- **WHAT YOU ARE ASKED TO DO**:
Could you copy exactly the lines below, beginning at the line with "Rose and Champagne" and stopping after the line with "JupiterBikes_White and black", with no pictures?

- **DATA**:
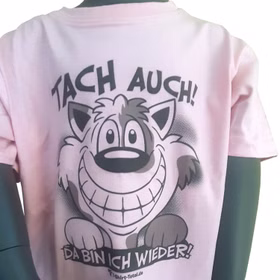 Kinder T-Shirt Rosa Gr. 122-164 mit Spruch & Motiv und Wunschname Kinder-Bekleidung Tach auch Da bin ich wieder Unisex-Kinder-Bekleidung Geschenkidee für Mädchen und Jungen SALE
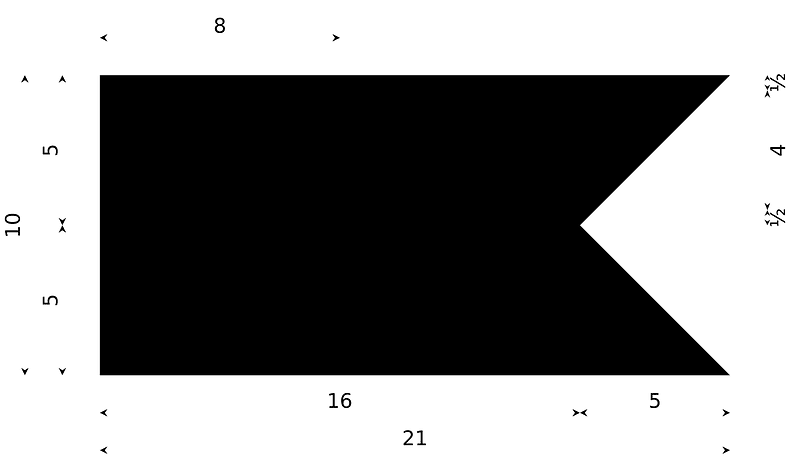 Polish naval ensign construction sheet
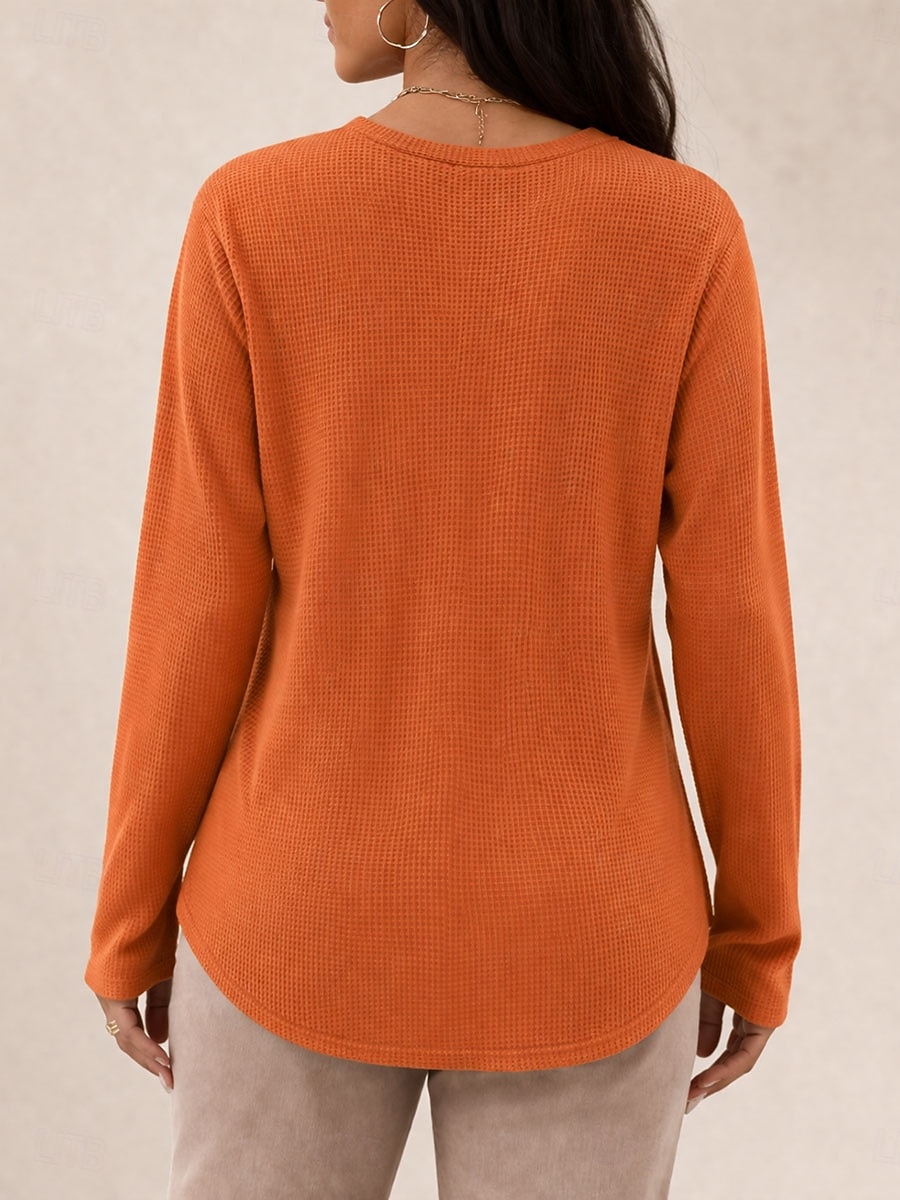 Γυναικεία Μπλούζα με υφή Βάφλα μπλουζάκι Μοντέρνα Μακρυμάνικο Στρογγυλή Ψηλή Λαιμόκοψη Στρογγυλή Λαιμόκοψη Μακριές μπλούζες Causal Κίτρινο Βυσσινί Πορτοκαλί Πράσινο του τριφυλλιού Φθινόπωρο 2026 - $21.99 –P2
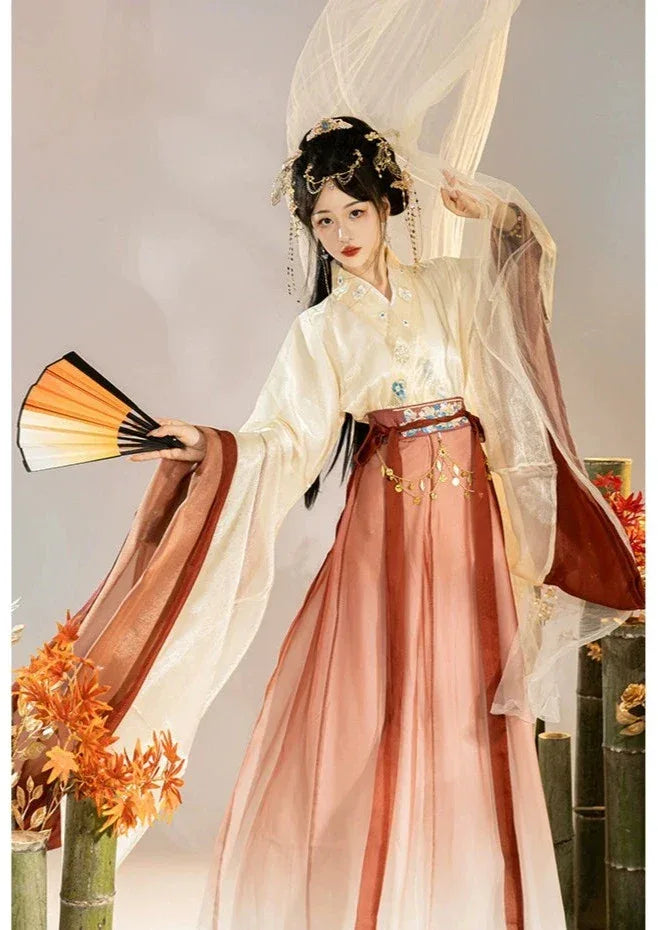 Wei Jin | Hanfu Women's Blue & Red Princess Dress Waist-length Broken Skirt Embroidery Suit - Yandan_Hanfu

==

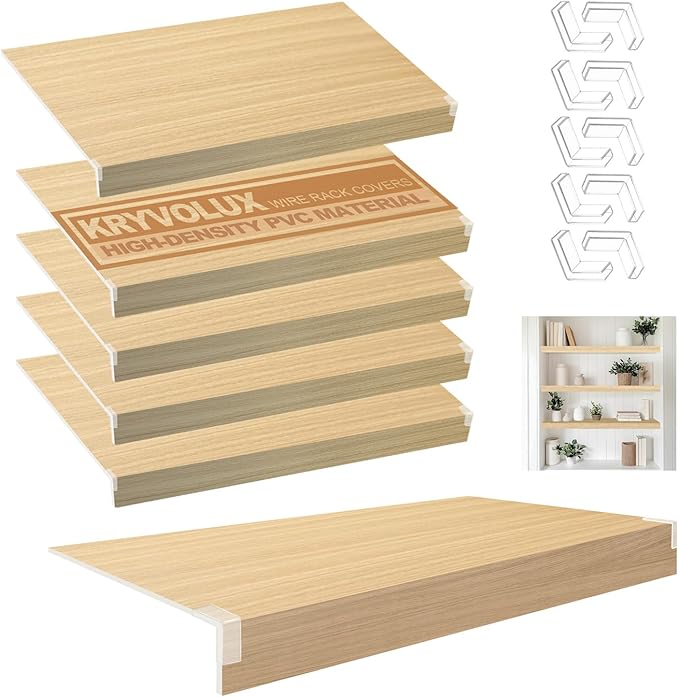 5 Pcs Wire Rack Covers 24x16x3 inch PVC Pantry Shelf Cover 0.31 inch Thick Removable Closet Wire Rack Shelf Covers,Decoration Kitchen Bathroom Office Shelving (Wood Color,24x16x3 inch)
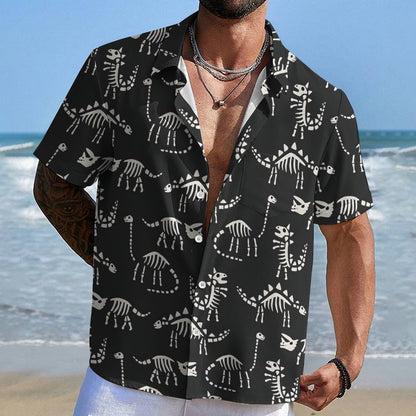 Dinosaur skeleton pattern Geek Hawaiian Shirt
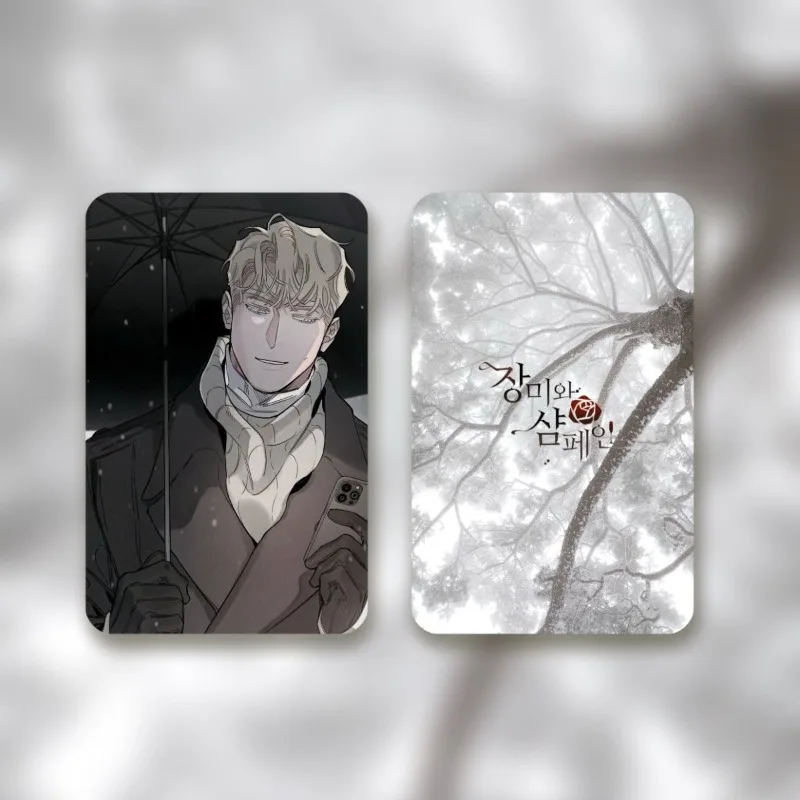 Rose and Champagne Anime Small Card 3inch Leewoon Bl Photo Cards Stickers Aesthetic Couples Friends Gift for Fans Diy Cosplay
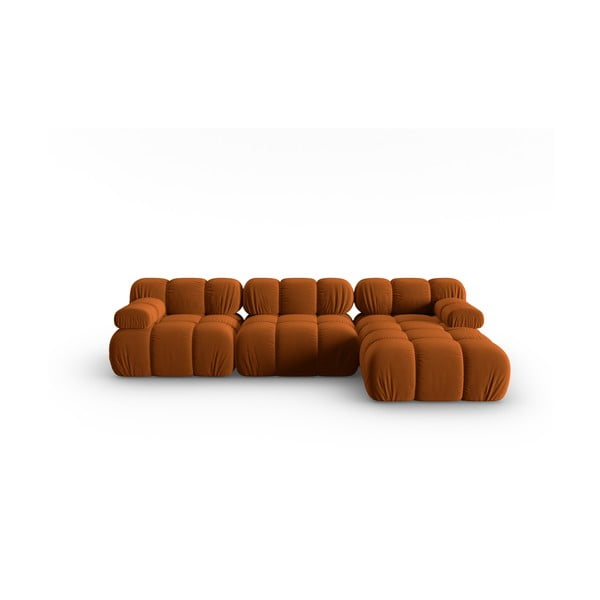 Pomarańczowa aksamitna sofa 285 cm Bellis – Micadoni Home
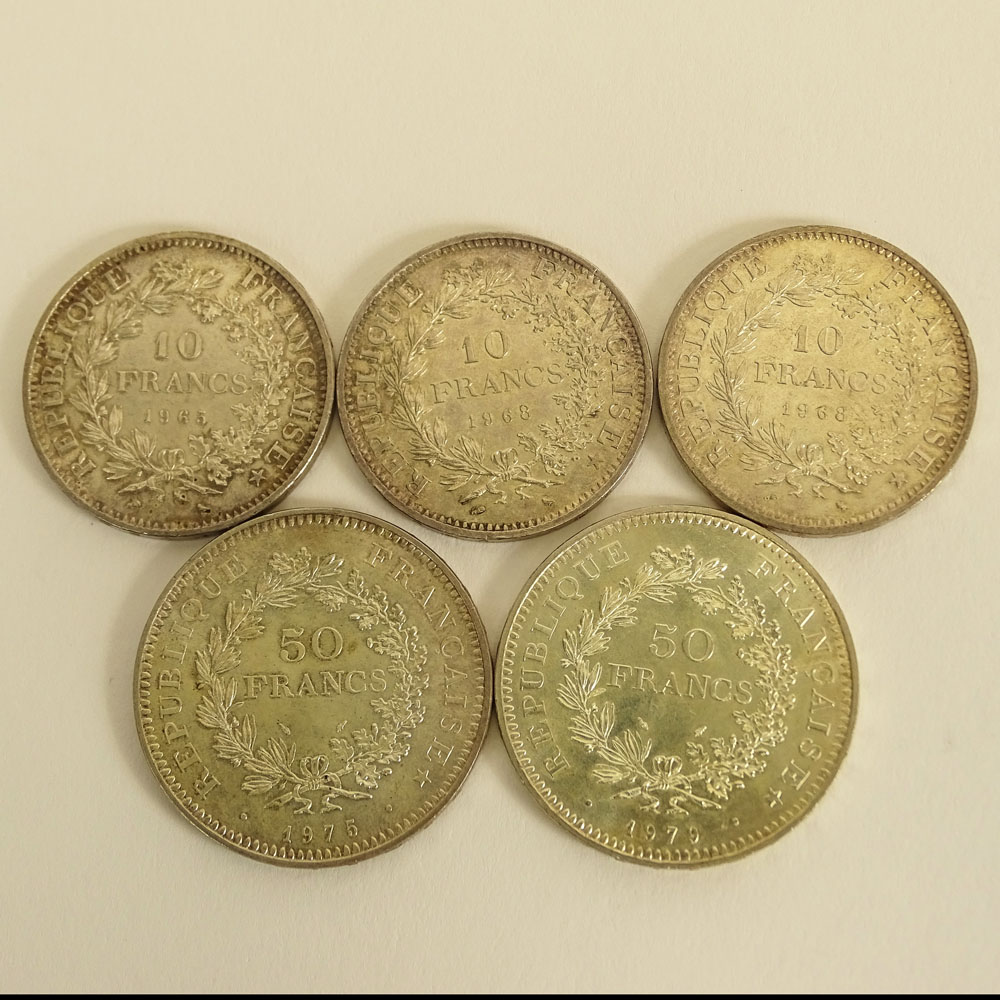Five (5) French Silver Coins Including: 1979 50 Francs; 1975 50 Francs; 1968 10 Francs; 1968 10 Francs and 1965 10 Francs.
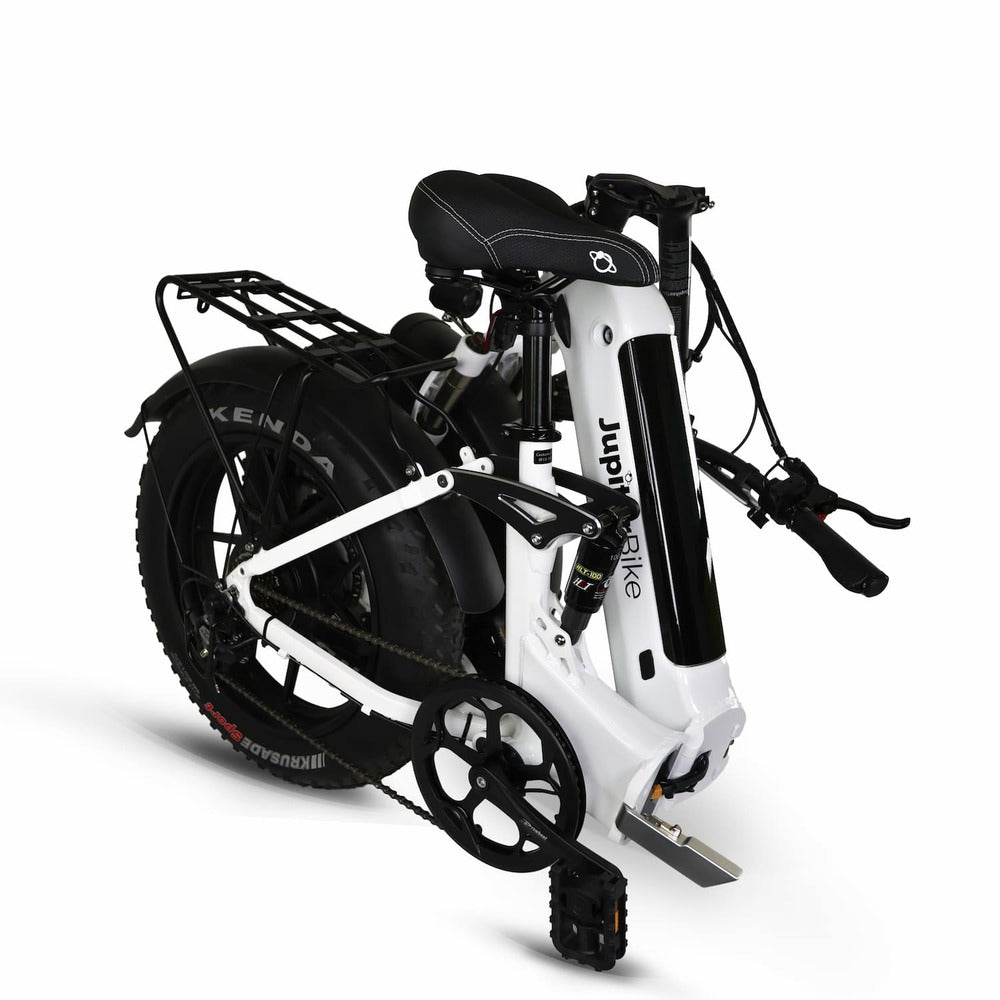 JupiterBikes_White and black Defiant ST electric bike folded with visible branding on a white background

- **EXPECTED ANSWER**:
 Rose and Champagne Anime Small Card 3inch Leewoon Bl Photo Cards Stickers Aesthetic Couples Friends Gift for Fans Diy Cosplay
 Pomarańczowa aksamitna sofa 285 cm Bellis – Micadoni Home
Five (5) French Silver Coins Including: 1979 50 Francs; 1975 50 Francs; 1968 10 Francs; 1968 10 Francs and 1965 10 Francs.
 JupiterBikes_White and black Defiant ST electric bike folded with visible branding on a white background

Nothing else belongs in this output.